Reputation: 423
I have a dataframe as df, i want to split my activities into different functions so that i can use those functions into future programs
# check if dataframe has duplicates
def duplicate_check ():
global df
df = df.drop_duplicates(['datetime', 'tagname'])
df.drop(['tagname'], axis=1, inplace=True)
return df
df = duplicate_check()
# Split my dataframe array column to individual column
def array_split():
global df
date = df['datetime']
df = df['value'] \
.str.split('\t', expand=True).fillna('0') \
.replace(r'\s+|\\n', ' ', regex=True) \
.apply(pd.to_numeric)
df['datetime'] = date # Join date back to dataframe
return df
df = array_split()
# split dataframe df to df and df_spec
def remove_duplicate_spec():
global df, df_spec
df_spec = df.loc[df[123].isin([1])]
df = df.loc[df[123].isin([0])]
df_spec = df_spec.drop_duplicates(119)
return df, df_spec
df, df_spec = remove_duplicate_spec()
Question: Should i declare global df/ df_spec inside each function?

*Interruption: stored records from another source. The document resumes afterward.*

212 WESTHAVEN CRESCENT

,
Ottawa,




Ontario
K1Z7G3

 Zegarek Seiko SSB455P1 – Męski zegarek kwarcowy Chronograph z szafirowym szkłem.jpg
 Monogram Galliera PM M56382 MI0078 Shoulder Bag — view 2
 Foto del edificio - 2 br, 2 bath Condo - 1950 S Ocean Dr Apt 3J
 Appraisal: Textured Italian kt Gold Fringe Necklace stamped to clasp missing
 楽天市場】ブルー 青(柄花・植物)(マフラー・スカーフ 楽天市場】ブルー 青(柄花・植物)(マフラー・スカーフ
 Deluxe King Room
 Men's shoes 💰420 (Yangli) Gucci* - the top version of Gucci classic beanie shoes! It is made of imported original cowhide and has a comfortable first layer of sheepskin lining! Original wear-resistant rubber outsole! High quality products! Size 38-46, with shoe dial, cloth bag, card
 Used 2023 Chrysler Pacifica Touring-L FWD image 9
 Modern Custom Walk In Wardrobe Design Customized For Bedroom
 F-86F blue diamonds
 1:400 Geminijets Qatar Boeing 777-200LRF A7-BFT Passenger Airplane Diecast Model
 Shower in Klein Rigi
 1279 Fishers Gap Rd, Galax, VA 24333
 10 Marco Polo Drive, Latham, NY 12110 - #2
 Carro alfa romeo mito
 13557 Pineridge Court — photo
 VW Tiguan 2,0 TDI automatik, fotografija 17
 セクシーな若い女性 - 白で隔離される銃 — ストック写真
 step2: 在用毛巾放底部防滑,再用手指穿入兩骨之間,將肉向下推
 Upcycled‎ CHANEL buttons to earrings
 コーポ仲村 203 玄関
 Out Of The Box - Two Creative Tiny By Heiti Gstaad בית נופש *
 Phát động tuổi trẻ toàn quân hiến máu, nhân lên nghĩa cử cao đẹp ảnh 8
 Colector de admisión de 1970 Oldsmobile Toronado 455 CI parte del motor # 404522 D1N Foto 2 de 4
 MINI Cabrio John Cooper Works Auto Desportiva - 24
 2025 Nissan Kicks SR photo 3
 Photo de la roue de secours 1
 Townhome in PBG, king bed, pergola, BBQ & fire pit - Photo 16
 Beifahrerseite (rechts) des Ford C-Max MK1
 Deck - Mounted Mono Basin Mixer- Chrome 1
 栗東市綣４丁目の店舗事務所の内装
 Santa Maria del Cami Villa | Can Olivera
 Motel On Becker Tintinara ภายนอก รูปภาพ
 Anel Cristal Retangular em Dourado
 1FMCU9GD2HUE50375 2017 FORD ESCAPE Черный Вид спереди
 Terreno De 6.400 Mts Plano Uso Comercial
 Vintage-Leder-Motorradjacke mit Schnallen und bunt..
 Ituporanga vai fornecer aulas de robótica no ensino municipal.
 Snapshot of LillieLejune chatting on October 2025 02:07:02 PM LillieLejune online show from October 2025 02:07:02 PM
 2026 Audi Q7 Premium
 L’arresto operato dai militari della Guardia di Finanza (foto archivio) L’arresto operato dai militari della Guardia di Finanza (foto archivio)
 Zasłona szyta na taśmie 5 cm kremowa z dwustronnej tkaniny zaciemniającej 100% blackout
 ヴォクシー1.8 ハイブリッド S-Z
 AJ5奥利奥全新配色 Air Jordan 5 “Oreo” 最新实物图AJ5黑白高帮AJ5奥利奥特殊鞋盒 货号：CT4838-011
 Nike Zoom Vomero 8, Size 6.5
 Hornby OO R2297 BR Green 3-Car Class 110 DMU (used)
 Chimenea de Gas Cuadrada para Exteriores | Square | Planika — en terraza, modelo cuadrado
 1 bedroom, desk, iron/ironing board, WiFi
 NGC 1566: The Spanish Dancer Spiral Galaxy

Is this the best practice? or how can I optimize the code further
Upvotes: 0
Views: 51
Reputation: 4827
The best way is to use your dataframe as argument for each function.
df = pd.DataFrame({'datetime':[0,0,1,1,2], 'tagname':[0,0,1,1,2], 'other':range(95,100)})
def duplicate_check(df):
return df.drop_duplicates(['datetime', 'tagname'], keep='last').drop(['tagname'], axis=1)
duplicate_check(df)
DataFrame:
datetime tagname other
0 0 0 95
1 0 0 96
2 1 1 97
3 1 1 98
4 2 2 99
Result of duplicate_check(df)
:
datetime other
1 0 96
3 1 98
4 2 99
Upvotes: 2